Ecosystem Deep Dive #10: Kenya - East African Pioneer
Carried by early, market-creating innovations such as M-Pesa, Kenya continues to boast one of the hottest African start-up ecosystems to date.
Kenya has always been a heavyweight in the African start-up/innovation scene at large. The East African country enjoyed some key, early developments that allowed its ecosystem to flourish faster than its neighbors’. One of those early developments came in 2009 with the construction of TEAMS, an undersea fiber-optic cable that gave many Kenyans access to faster internet than people in the US. That project still carries its weight today, with 95% of Kenyans in urban areas having access to the internet. That boosted the timid but growing innovation scene that was already taking shape in the country, exemplified by M-Pesa, a mobile-money wallet piloted by telco giant Safaricom in 2007, and Ushahidi, a crowdsourcing platform launched to track election violence.
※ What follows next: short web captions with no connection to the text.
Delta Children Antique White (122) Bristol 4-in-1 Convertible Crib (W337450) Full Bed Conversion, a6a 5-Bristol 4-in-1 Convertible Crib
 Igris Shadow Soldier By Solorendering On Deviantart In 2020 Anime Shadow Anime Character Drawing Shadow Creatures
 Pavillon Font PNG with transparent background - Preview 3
M-Pesa in particular would turn out to be what author Clayton Christensen refers to as a “market-creating innovation”, a concept he outlines in his fantastic book “The Prosperity Paradox”. According to Christensen, market-creating innovation “transform complex and expensive products and services into simple, more affordable products, making them accessible to a whole new segment of people in a society whom we call non-consumers”. In other words, a market-creating innovation introduces a whole new part of the population to a service/product, enabling entrepreneurs to capitalize on it. In M-Pesa’s case, Safaricom combined the concept of using a mobile phone as a “digital safe” for cash with a broad network of agents through which users could access their “real” cash. Today, 70% of Kenyan households use M-Pesa, a boon for Kenya’s private sector.